Farmland is seen as one of the safest, most reliable investments for large fund managers, with consistent annual returns and a strong likelihood of land price appreciation: The NCREIF Farmland Index reported total annual returns of 11.1 percent on cropland in 2021.

Perhaps no agriculture investor today is more notorious than one William Henry Gates III, who has spent billions to amass an estimated 242,000 acres of farmland as of August 2021. While Bill Gates has insisted that these acquisitions are merely investments and not a part of his advocacy against climate change, these acquisitions have raised scrutiny from critics who fear that Gates’ acquisitions will give the Microsoft founder an unacceptable degree of control over the American food supply.
“...[A]t best, Gates’ campaign to scarf up America’s agricultural real estate is a signal that feudalism may again be in vogue,” wrote Robert F. Kennedy, Jr., in an opinion column last year. “At worst, his buying spree is a harbinger of something far more alarming—the control of global food supplies by a power-hungry megalomaniac with a Napoleon complex.”

However, Gates is just one among many investors changing the agricultural industry at a rapid pace. In Iowa last year, the pool of buyers for the state’s agricultural land consisted of 35 percent investors and 65 percent farmers, in contrast to only 18 percent investors in 2019. The U.S. Department of Agriculture estimates that 70 percent of U.S. farmland is set to change hands in the next 20 years, as the baby boom retirement wave hits the industry, giving big openings for institutional investors to further entrench themselves in the agricultural industry.
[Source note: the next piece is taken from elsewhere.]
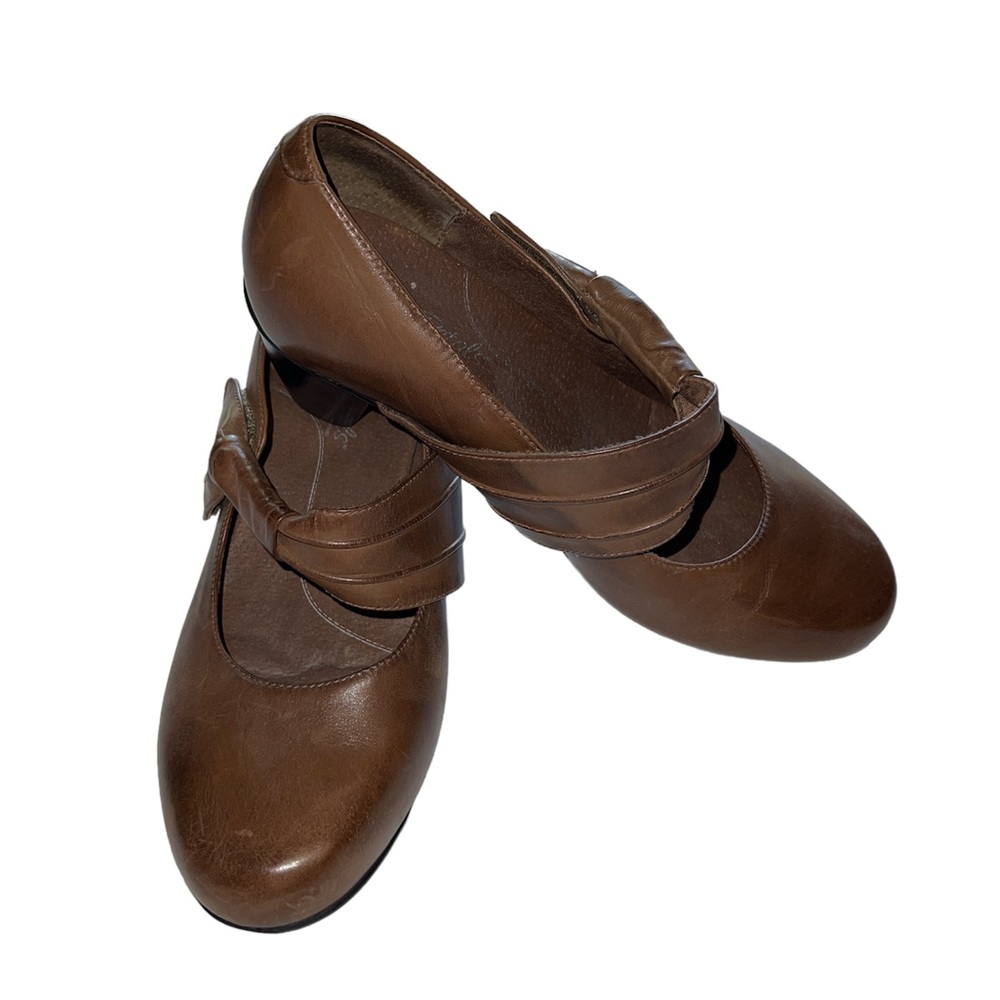 Rose Petals by Walking Cradles 8.5W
With this change comes significant disruption to agrarian communities, who now find themselves faced with rapidly rising land costs and high competition. For perhaps the most extreme example, the Amish community in Pennsylvania has been particularly affected by this development, exacerbated by the demands of their rapidly growing population: In Lancaster County, sometimes called the “Amish capital of the world” for its high population of Anabaptist Plain People, only about one-third of Amish are farmers, from a population which overwhelmingly consisted of farmers one or two generations ago, as land prices have become prohibitively expensive.

However, the greatest impacts of growing institutional investment in farmland are not restricted to the hat and bonnet wearing religionists of Lancaster County: Throughout the country, the means of food production are being consolidated in the hands of relatively few investors at a rapid rate, disrupting a norm of farmland ownership by farmers which has persisted in America for generations.